**EXERCISE DIRECTIONS**
Give back the entire listing exactly as it was provided.

**DATA PROVIDED**
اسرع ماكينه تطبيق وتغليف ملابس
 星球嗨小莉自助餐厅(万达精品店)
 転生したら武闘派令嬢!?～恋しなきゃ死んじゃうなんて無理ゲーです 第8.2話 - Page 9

**SOLUTION FOR THIS EXERCISE**
اسرع ماكينه تطبيق وتغليف ملابس
 星球嗨小莉自助餐厅(万达精品店)
 転生したら武闘派令嬢!?～恋しなきゃ死んじゃうなんて無理ゲーです 第8.2話 - Page 9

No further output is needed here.